Reputation: 1900
Suppose I have two related models
class Foo(models.Model):
value = models.FloatField()
class Bar(models.Model):
multiplier = models.FloatField()
foo = models.ForeignKey(Foo, related_name="bars")
def multiply(self):
return self.foo.value * self.multiplier
An instance of Foo will frequently have many instances of Bar, but some information that is relevant for a calculation that Bar does is stored in Foo (because it is the same for all instances of related Bars)
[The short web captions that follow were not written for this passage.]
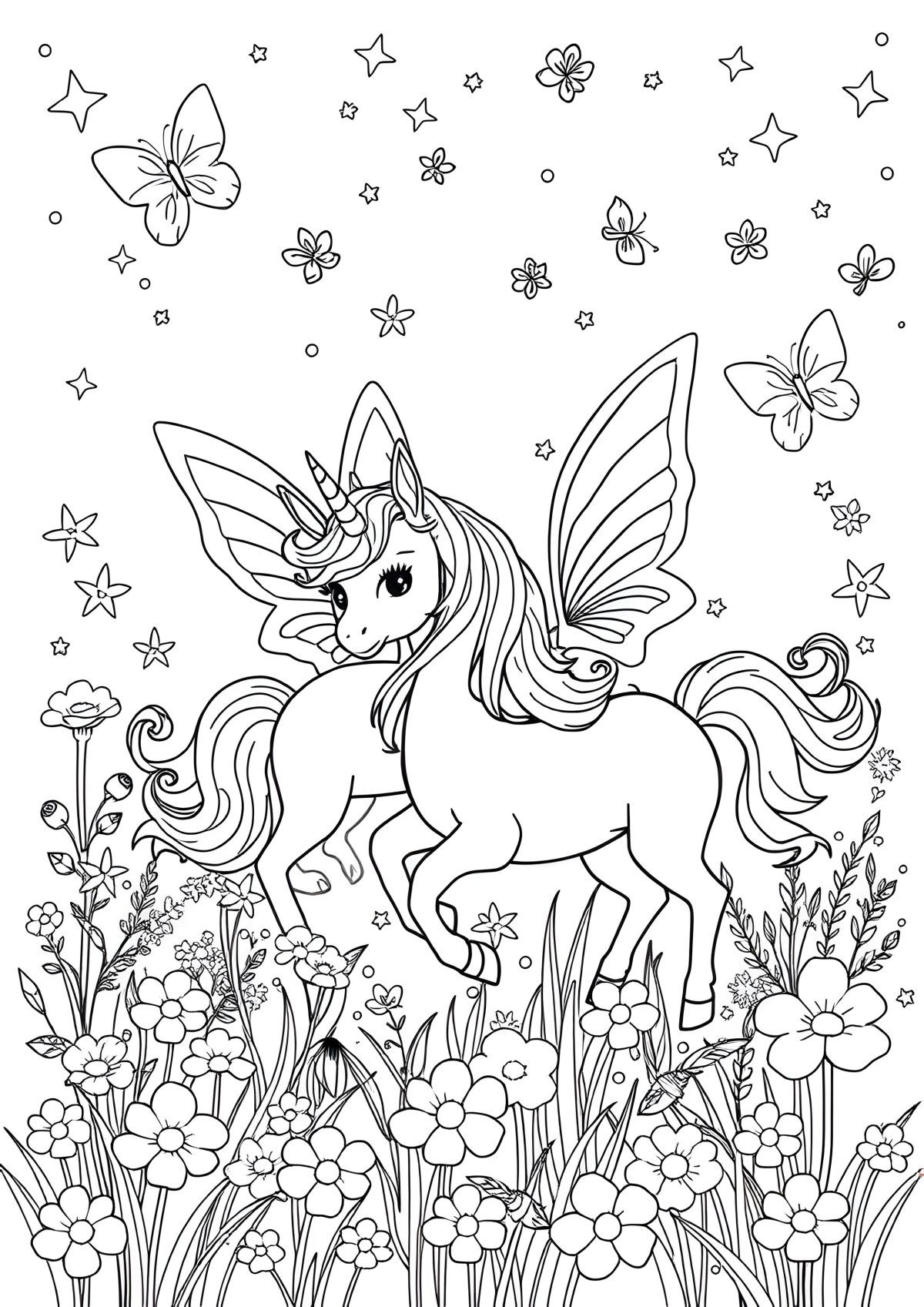 Printable Fairies And Unicorns Coloring Page coloring page for kids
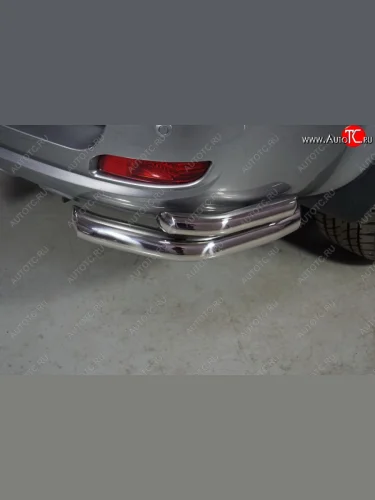 Защита заднего бампера (уголки двойные) ТСС 60,3/42,4 мм Haval H5 (2020-2023) рестайлинг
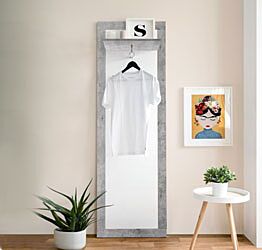 Appendiabiti da ingresso, finitura bianco lucido e beton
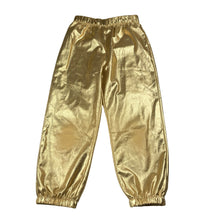 Load image into Gallery viewer, Girls SHEIN, lightweight gold metallic pants, elasticated, Inside leg: 42cm, FUC, size 5,  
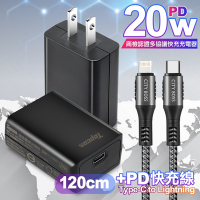 Topcom 20W Type-C PD3.0+QC3.0 快速充電器TC-S300C-黑+勇固 Type-C to Lightning PD耐彎折快充線-1.2米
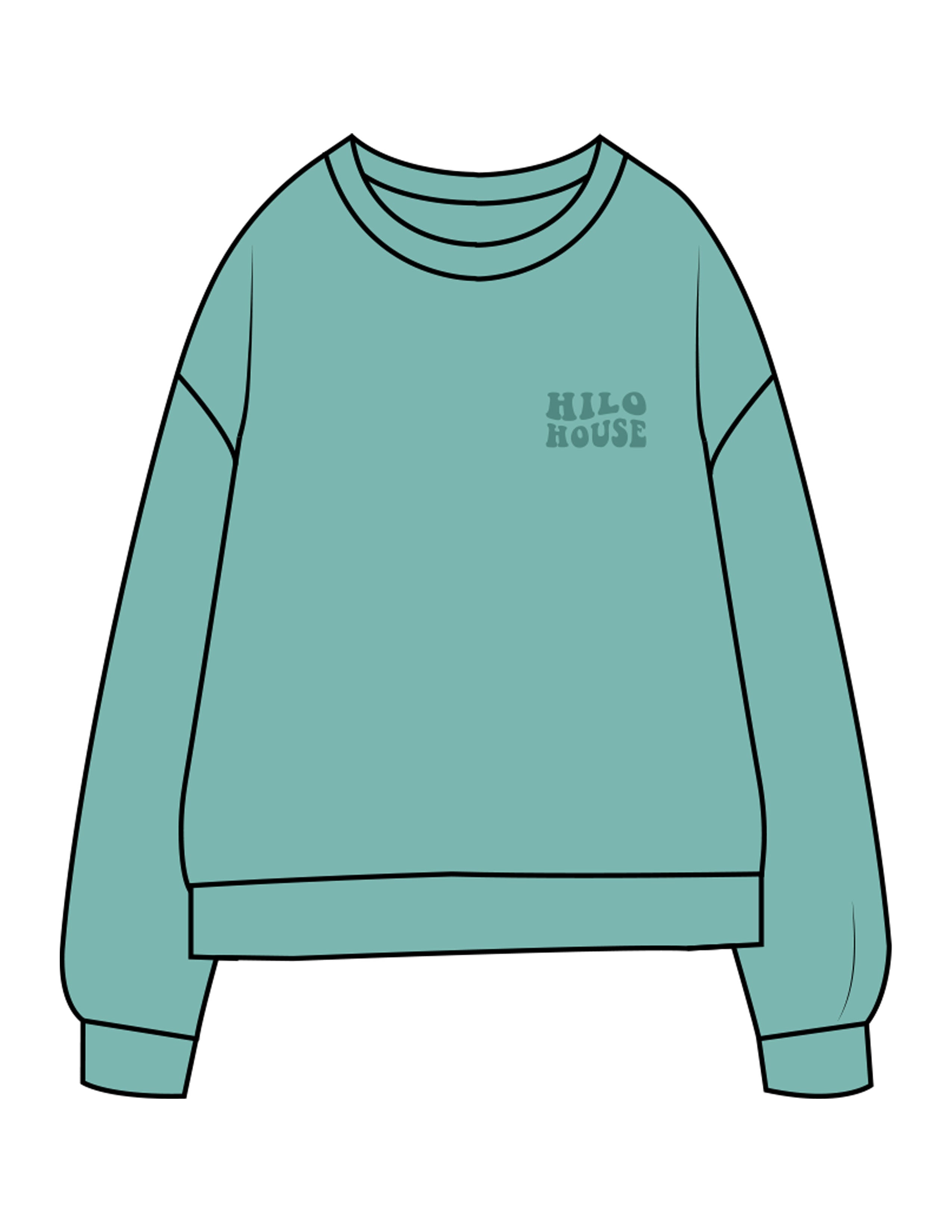 The Midweight Unisex Crewneck - Washed Mint - HiLo - Left Chest & Back Stacked - Printed - Tone on Tone
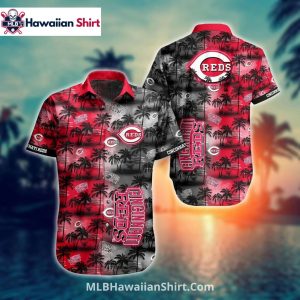 Palm Sunset Cincinnati Reds Hawaiian Shirt Gradient Style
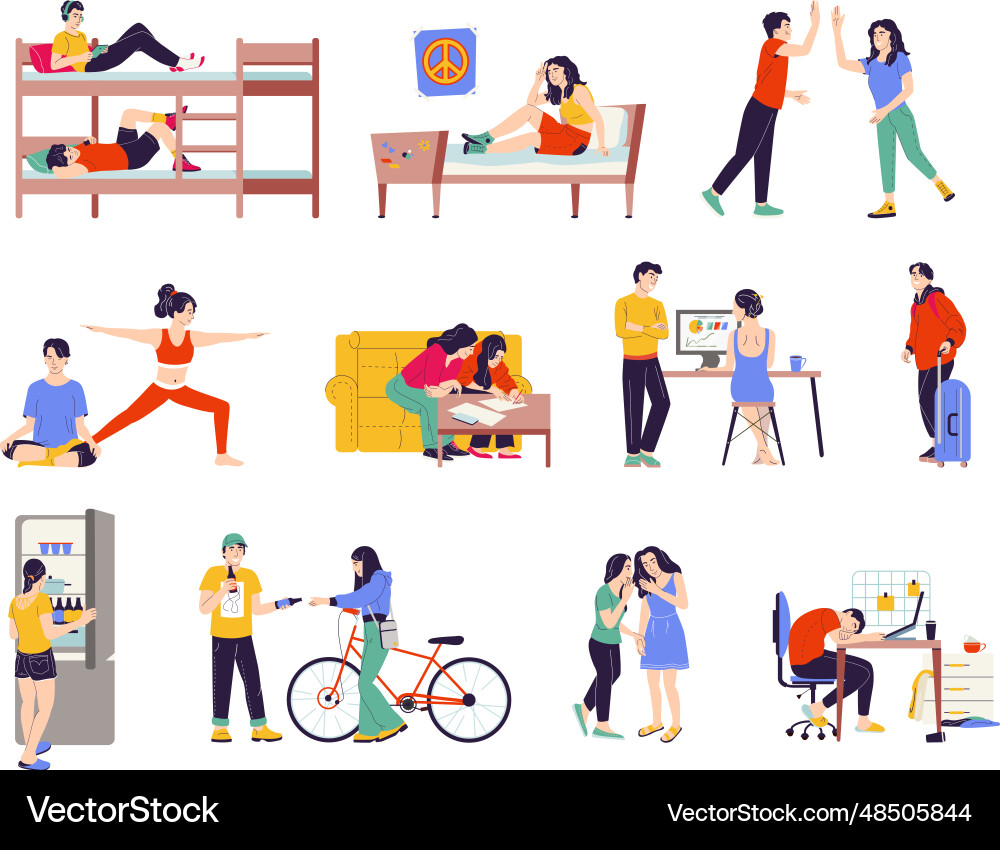 Student dormitory set Royalty Free Vector Image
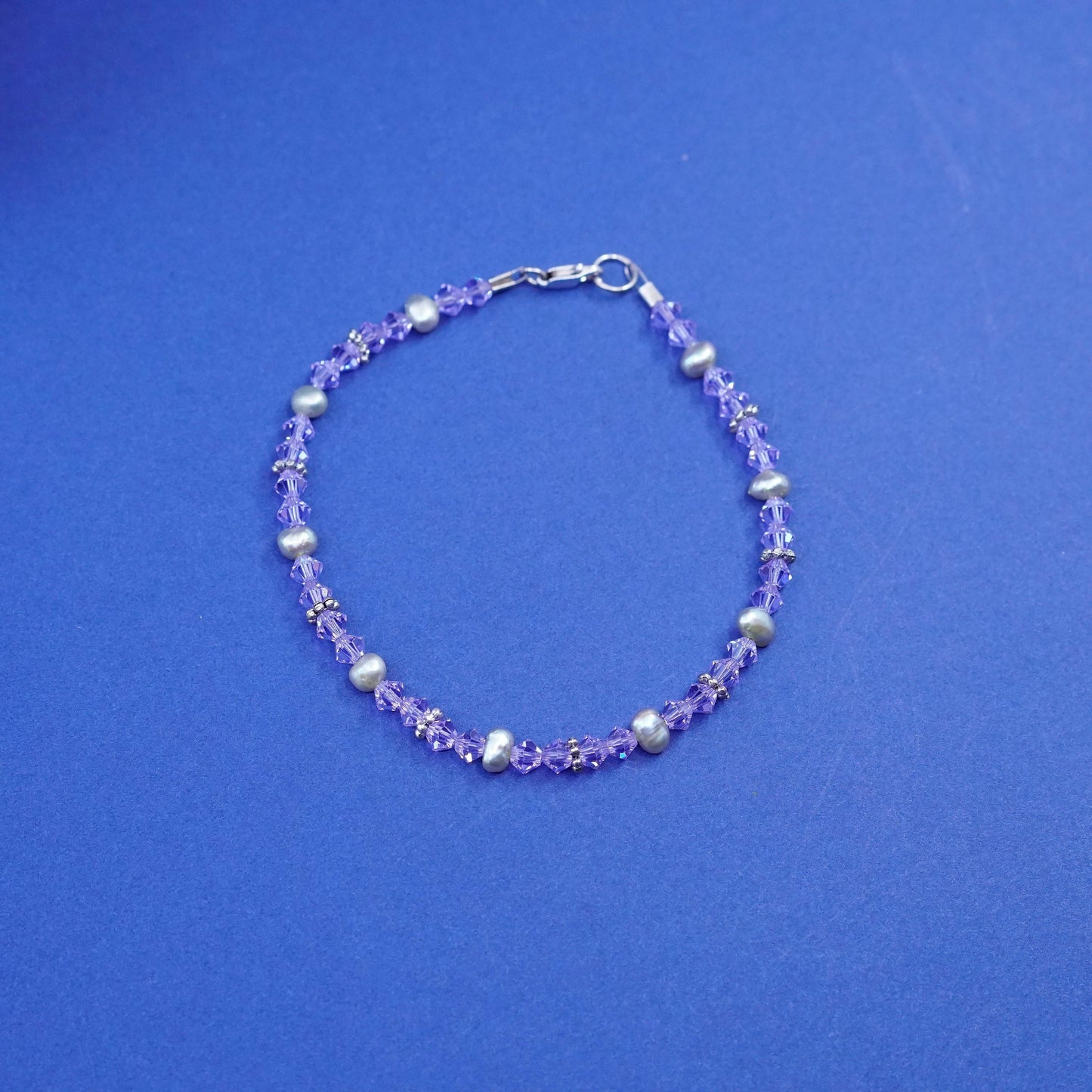 7.25”, vintage sterling 925 silver handmade bracelet with purple crystal beads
The problem is when I do something like this:
foo = Foo.objects.latest()
[x.multiply() for x in foo.bars.all()]
It ends up hitting the database a lot because every Bar object in foo.bars.all() queries the database for the Foo object. So, if I have 10 Bars, then I will incur 11 database queries (1 to get the queryset with 10 bars, and 1 for each Bar object reaching back to get self.foo.value). Using select_related() doesn't seem to help.
My questions are: 1) Am I correct in thinking that memcached (e.g. Johnny Cache, Cache Machine) will solve this problem? 2) Is there a way of designing the object relationship that can make the command more efficient without a cache?
Upvotes: 1
Views: 559
Reputation: 70602
It is precisely this kind of situation for which select_related
and prefetch_related
were created. When you query using these, Django's ORM will employ one of two techniques to avoid redundant database requests: following relations via JOINs (select_related
) or pre-caching one-to-many / many-to-many relations in their QuerySets.
# Hits the database
foo = Foo.objects.prefetch_related('bars').latest()
# Doesn't hit the database
[x.value for x in foo.bars.all()]
Upvotes: 3